Equally as astonishing is how China bounced back:
Despite the massive setback around the famine in 1960, China has made steady progress and, in 2017, life expectancy was 74·5 years (95% UI 74·1 to 75·0) for men and 79·9 years (79·4 to 80·4) for women.
Remember, as Branko Milanovic observes, people outside of China often don’t pay enough attention to that great nation.
Where does all of this data take us? The giant pile of research also has a forecasting section. One key futuring conclusion is that lifespans may well keep increasing:
We forecasted global life expectancy to increase by 4·4 years (95% UI 2·2 to 6·4) for men and 4·4 years (2·1 to 6·4) for women by 2040, but based on better and worse health scenarios, trajectories could range from a gain of 7·8 years (5·9 to 9·8) to a non-significant loss of 0·4 years (–2·8 to 2·2) for men, and an increase of 7·2 years (5·3 to 9·1) to essentially no change (0·1 years [–2·7 to 2·5]) for women.
What should educators take away from this? Let me offer some points.
- Once again, most of our populations are aging.

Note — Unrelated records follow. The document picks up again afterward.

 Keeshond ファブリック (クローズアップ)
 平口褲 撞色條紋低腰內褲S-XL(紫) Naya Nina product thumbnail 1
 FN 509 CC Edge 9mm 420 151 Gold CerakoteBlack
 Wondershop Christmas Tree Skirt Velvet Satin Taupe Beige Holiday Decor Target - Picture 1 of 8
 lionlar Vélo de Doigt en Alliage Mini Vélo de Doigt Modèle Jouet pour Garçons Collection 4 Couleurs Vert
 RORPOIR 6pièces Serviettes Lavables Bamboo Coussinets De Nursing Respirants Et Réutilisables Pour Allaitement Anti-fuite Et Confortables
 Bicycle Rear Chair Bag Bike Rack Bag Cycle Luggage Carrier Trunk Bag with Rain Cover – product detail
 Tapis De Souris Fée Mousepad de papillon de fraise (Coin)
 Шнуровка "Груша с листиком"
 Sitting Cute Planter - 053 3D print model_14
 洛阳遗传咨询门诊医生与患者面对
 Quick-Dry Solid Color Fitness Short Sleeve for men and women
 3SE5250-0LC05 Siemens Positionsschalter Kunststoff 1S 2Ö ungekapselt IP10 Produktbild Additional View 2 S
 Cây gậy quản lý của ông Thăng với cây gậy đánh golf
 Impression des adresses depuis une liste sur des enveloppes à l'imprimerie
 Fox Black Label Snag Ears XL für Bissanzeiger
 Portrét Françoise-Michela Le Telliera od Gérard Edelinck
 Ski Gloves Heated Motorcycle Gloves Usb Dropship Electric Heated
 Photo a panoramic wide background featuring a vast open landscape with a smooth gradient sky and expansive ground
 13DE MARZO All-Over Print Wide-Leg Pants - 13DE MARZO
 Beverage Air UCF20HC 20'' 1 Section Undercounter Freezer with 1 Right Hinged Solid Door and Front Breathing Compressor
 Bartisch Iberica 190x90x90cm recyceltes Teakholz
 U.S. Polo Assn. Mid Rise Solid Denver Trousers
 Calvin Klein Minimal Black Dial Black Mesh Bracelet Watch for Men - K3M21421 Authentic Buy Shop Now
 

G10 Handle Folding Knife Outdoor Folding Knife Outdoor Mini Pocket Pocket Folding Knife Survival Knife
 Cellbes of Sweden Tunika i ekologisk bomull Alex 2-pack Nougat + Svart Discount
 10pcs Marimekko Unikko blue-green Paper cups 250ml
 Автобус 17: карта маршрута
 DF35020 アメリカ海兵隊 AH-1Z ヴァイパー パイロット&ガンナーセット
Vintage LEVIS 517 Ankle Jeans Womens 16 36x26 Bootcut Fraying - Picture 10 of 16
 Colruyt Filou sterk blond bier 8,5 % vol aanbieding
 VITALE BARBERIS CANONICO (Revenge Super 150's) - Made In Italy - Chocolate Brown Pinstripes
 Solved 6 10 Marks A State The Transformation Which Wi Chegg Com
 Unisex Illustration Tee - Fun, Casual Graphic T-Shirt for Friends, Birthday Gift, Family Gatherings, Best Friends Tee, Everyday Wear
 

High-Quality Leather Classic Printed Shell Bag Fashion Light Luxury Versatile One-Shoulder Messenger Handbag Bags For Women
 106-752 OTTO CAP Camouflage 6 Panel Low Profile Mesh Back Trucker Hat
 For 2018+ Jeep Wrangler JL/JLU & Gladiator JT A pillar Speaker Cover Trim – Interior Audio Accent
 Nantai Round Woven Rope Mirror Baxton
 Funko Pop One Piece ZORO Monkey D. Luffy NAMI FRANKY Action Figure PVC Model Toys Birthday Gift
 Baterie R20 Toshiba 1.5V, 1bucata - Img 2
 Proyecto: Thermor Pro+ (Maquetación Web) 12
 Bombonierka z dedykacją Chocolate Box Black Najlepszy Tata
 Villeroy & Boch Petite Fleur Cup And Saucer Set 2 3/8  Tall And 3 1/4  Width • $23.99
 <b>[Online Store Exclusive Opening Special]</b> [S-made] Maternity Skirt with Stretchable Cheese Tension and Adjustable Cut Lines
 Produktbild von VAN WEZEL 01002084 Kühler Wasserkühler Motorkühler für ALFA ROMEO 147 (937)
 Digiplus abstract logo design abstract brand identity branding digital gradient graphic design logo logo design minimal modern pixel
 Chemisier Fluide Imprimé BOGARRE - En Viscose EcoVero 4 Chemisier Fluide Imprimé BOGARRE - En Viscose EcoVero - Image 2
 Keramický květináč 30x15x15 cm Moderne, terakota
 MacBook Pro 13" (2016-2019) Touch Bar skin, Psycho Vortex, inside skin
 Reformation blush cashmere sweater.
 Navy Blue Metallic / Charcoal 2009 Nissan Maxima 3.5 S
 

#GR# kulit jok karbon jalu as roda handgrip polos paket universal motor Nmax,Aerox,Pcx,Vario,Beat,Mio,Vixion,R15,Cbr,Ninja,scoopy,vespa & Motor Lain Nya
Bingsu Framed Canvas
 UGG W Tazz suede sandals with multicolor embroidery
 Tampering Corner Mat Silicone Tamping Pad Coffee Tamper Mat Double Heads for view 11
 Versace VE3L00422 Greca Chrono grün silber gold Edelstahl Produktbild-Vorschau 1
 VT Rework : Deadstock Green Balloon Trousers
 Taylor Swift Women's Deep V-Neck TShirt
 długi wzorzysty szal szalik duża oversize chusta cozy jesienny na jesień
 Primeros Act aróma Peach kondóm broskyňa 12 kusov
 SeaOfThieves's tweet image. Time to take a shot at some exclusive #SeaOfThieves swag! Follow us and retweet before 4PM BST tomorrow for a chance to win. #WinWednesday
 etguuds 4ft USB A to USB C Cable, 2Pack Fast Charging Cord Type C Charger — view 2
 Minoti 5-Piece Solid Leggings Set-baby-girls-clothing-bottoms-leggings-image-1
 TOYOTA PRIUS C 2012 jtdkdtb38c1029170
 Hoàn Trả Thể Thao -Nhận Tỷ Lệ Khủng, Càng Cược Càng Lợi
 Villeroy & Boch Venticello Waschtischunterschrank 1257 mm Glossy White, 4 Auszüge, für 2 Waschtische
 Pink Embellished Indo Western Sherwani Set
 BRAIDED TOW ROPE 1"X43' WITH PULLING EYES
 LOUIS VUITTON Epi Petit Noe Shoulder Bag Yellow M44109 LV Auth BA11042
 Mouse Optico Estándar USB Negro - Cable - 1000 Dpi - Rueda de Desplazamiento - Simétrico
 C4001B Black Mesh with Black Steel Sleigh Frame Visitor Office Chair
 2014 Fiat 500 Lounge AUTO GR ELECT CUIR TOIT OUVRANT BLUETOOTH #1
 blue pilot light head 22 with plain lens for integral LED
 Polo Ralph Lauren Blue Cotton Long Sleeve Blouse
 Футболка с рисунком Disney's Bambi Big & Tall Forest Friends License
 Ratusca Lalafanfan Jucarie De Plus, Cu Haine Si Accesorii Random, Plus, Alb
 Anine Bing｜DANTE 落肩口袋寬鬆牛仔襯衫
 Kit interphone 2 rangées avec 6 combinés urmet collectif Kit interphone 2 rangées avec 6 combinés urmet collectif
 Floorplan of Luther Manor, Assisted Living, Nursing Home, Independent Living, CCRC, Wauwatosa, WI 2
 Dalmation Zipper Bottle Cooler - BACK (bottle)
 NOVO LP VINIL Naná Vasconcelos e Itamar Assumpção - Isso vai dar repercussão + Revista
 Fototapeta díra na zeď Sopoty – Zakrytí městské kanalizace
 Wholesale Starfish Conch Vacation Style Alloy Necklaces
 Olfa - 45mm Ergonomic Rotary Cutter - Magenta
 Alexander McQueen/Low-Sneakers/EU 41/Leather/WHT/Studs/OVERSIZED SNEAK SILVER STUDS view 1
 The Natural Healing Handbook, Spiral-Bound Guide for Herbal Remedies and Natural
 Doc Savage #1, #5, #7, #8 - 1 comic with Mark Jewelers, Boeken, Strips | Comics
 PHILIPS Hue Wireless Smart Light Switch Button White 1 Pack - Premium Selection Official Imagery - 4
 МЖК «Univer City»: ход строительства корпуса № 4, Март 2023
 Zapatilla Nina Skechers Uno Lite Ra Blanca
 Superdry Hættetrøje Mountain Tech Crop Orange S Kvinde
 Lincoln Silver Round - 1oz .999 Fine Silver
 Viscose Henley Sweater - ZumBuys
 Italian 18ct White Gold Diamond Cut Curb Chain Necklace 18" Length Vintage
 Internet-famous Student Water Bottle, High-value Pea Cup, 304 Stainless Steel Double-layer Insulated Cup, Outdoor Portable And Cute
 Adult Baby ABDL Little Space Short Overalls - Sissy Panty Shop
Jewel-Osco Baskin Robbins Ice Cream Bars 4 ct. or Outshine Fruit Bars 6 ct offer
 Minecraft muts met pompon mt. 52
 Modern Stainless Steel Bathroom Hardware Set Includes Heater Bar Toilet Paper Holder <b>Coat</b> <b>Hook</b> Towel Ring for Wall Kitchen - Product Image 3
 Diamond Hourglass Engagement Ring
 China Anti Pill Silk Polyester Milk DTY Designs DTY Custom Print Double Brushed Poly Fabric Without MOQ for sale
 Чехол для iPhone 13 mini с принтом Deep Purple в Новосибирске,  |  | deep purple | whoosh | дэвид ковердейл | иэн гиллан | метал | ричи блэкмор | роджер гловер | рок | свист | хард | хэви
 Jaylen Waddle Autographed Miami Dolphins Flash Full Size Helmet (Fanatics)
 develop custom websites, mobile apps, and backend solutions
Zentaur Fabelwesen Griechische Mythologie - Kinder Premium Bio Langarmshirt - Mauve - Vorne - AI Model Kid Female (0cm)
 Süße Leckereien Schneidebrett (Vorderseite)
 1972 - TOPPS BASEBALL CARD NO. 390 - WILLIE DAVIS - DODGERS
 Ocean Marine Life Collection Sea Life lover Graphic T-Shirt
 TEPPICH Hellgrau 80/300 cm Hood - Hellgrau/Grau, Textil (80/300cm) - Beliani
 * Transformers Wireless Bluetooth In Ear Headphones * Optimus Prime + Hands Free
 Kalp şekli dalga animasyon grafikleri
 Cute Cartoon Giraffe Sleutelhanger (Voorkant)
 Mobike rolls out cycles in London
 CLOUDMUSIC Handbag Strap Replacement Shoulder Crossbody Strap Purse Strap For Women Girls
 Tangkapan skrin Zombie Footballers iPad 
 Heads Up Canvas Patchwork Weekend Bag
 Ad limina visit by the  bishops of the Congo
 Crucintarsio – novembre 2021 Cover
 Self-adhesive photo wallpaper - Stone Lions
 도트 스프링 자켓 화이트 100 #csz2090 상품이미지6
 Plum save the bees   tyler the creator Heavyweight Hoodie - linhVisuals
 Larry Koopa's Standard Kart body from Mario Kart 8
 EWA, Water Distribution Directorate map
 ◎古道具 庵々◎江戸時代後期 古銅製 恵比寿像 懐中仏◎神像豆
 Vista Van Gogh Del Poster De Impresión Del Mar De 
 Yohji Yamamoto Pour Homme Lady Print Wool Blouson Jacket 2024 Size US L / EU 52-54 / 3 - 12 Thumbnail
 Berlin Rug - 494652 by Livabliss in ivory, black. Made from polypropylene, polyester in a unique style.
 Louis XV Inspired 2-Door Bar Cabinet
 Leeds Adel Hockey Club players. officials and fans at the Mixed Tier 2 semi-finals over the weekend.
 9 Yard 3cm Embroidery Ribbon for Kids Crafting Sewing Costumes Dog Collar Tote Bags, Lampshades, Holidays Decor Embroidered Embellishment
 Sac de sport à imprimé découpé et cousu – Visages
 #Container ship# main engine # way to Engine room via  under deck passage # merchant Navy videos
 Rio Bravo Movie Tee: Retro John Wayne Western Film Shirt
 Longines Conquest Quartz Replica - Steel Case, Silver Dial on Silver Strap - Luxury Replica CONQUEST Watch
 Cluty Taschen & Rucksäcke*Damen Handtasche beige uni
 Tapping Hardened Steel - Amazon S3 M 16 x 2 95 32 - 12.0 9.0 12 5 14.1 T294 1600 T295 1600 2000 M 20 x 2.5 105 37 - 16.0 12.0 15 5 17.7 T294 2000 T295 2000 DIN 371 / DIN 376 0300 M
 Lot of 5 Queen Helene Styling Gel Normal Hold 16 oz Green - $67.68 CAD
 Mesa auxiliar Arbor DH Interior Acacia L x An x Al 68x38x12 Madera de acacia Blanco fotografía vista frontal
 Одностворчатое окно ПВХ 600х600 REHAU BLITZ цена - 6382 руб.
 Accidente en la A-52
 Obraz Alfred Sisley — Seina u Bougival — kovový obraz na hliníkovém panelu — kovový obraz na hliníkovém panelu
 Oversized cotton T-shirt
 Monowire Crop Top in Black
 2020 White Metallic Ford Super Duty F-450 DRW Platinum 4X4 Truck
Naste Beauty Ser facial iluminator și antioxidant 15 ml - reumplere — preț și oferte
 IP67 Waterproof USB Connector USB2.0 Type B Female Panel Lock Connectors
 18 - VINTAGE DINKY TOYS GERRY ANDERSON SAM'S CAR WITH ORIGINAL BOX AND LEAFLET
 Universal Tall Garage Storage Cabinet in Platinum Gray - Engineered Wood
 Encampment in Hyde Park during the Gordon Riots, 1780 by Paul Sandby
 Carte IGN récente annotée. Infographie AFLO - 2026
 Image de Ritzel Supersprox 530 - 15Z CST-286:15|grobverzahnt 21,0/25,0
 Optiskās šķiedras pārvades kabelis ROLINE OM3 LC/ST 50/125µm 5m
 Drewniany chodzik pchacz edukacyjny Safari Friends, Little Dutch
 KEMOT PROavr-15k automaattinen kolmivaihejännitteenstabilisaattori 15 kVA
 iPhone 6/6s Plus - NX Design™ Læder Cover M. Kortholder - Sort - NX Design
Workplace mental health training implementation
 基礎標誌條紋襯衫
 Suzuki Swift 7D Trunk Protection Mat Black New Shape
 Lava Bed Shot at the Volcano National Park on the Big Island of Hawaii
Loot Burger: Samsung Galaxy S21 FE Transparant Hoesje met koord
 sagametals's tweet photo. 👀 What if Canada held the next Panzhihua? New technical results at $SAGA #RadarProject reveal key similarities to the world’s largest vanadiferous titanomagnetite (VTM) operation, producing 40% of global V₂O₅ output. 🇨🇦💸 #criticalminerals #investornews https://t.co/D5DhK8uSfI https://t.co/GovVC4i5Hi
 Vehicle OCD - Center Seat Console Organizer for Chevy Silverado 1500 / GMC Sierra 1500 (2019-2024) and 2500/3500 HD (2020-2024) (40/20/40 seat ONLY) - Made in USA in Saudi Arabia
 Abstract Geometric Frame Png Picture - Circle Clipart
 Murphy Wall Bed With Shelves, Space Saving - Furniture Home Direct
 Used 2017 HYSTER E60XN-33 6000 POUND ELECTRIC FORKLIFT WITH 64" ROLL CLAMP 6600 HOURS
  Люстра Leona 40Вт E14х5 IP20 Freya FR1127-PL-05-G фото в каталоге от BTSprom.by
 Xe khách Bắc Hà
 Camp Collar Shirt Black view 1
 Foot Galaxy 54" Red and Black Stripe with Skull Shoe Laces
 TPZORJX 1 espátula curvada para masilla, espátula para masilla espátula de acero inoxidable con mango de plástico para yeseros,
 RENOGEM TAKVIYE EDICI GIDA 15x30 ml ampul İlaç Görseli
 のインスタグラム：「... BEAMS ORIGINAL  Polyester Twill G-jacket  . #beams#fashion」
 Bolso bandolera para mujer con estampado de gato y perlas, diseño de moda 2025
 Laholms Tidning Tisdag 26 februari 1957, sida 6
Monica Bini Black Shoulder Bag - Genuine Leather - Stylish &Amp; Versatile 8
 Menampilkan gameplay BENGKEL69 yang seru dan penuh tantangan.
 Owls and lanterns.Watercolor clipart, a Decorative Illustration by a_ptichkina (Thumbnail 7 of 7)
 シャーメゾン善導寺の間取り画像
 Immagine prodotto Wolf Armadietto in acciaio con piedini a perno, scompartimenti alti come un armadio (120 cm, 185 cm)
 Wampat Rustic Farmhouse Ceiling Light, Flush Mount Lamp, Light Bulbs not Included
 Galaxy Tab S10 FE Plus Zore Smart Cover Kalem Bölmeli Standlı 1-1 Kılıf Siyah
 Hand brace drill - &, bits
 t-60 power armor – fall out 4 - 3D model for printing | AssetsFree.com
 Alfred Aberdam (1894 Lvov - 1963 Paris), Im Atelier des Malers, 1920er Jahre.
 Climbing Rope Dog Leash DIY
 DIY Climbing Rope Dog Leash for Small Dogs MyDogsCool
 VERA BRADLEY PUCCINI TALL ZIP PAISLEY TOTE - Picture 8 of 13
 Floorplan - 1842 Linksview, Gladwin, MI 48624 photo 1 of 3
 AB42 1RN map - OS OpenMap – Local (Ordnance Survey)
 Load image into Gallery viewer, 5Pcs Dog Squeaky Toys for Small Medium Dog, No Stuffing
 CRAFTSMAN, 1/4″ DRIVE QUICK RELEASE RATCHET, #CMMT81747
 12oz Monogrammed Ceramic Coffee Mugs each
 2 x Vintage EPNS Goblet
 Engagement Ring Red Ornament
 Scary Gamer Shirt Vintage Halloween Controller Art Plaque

This has plenty of ramifications.
- Higher education institutions seeking to boost traditional-age enrollment would do well to recruit from Africa, the Middle East, Pakistan, and parts of Southeast Asia. Perhaps this is a good time to partner up with local secondary education as well. This may well take significant resources.
- Campuses will have to expand disability accommodations, both in person and online. This will be even more needed as we teacher older folks.
- For people who are still worried about humanity growing too large, are you really talking about Africa and parts of Asia? There might be some ugly politics there.
- Changing health issues should help feed increasing demand for academic medical studies and career preparation. (Another datapoint for the Health Care Nation scenario)
- Stresses around population changes, both individual and social, may well spur rising interest in and acceptance of suicide, as I’ve noted previously.
- Please, please, please teach media criticism so that students don’t get distracted by bad reporting of actual, real-world disease, violence, and death.
*SEVs are “a summary measure of exposure… The metric is a risk-weighted prevalence of an exposure, and it offers an easily comparable single-number summary of exposure to each risk. SEVs range from 0% to 100%, where 0% reflects no risk exposure in a population and 100% indicates that an entire population is exposed to the maximum possible level for that risk.”